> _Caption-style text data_
----

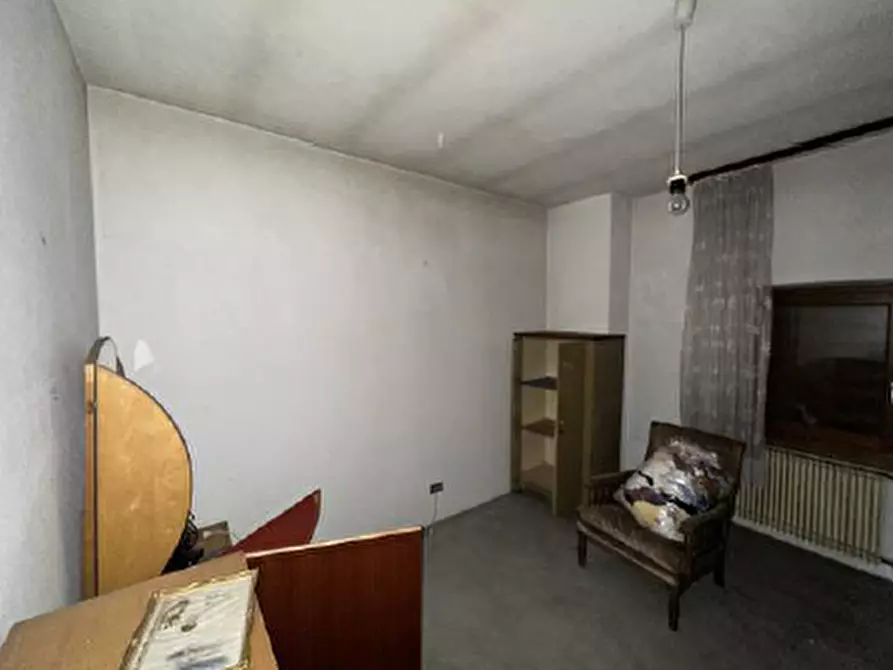 Immagine 4 di Appartamento in vendita  in Piazza regina Margherita, 3 a Spilimbergo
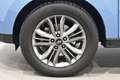 Hyundai iX35 2.0CRDI Tecno 4x2 Bleu - thumbnail 27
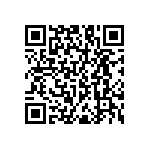 RNC55H4423FSRSL QRCode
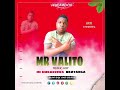 MR VALITO HE MURADZIWA KANTANGA Music Official 2025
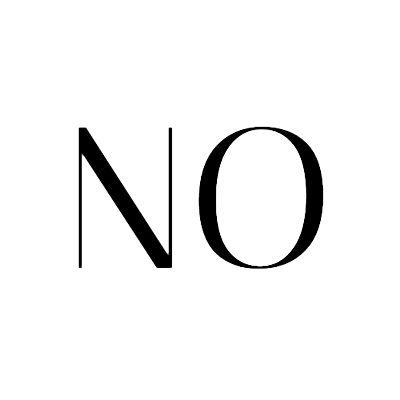 Image for choice number 2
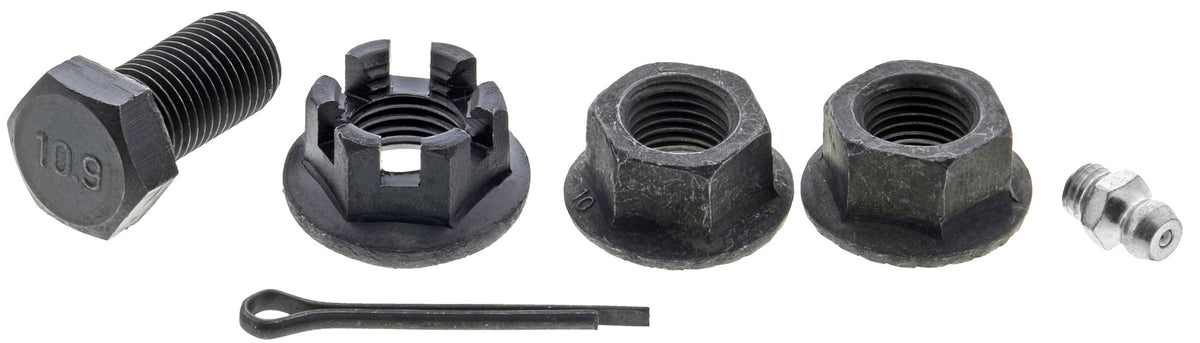 Mevotech Supreme Suspension Ball Joint MS50521
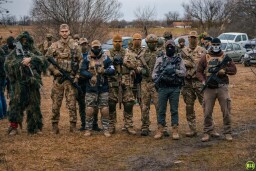 FB_IMG_1707806788154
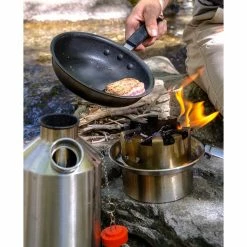 Kelly Kettle Hobo Stove | Large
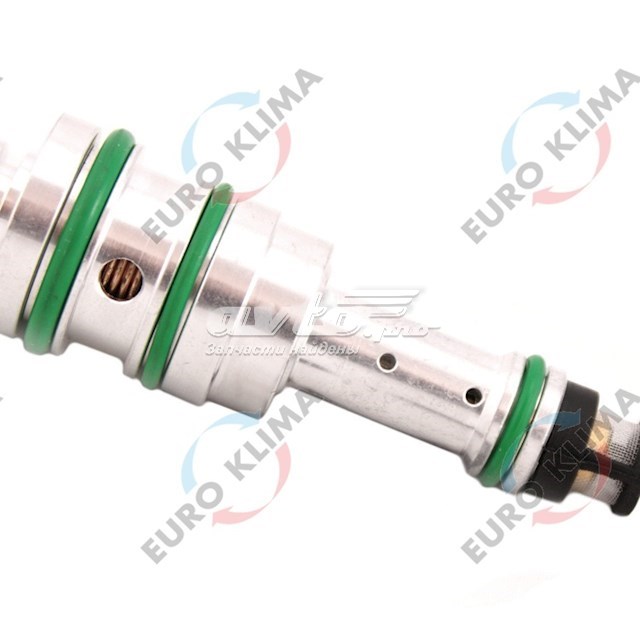  Euroklima EK2280 цена, от 8.36 USD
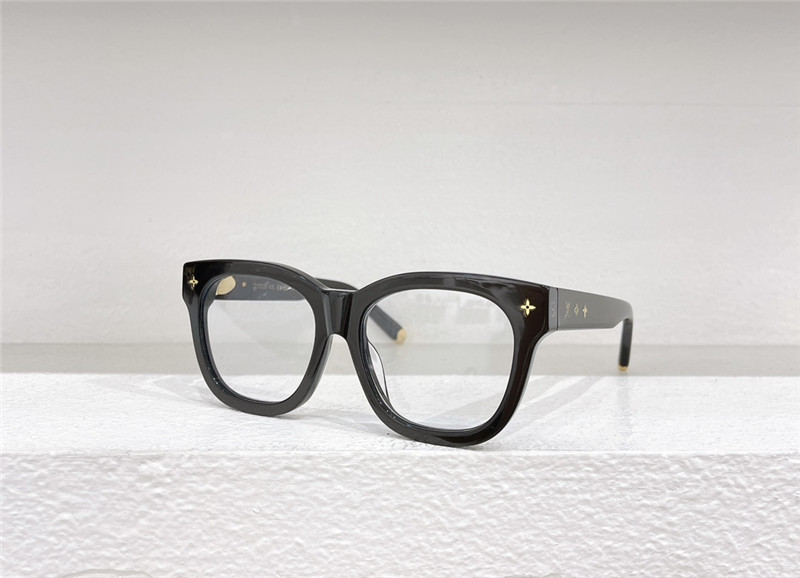l0vis Vvtt0n lv new my monogram glasses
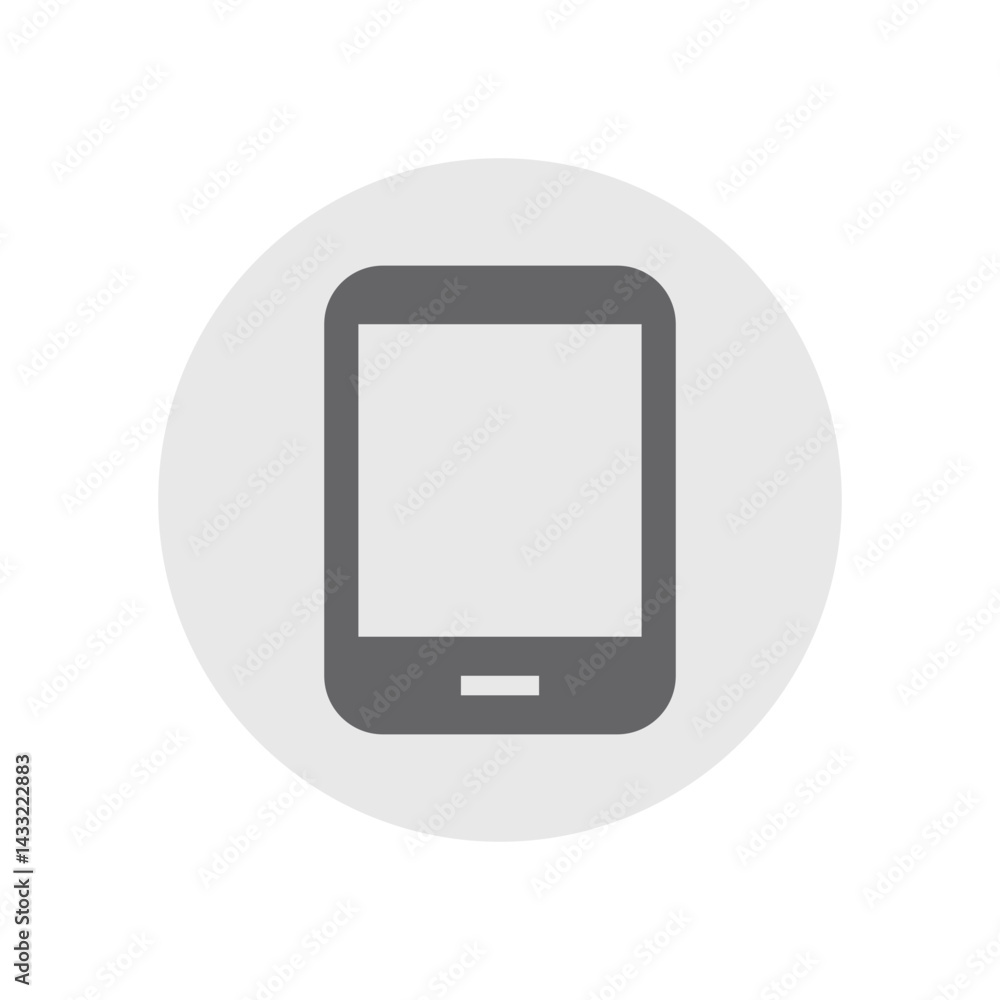 Android Tablet Android Tablet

----

> _What the task requires_
Copy exactly the lines from the one containing "Hyundai iX35 2.0CRDI" to the end of the records, both included, and leave the pictures out.

> _Answer box_
 Hyundai iX35 2.0CRDI Tecno 4x2 Bleu - thumbnail 27
 RNC55H4423FSRSL QRCode
 MR VALITO HE MURADZIWA KANTANGA Music Official 2025
 Image for choice number 2
 Mevotech Supreme Suspension Ball Joint MS50521
 FB_IMG_1707806788154
 Kelly Kettle Hobo Stove | Large
  Euroklima EK2280 цена, от 8.36 USD
l0vis Vvtt0n lv new my monogram glasses
 Android Tablet Android Tablet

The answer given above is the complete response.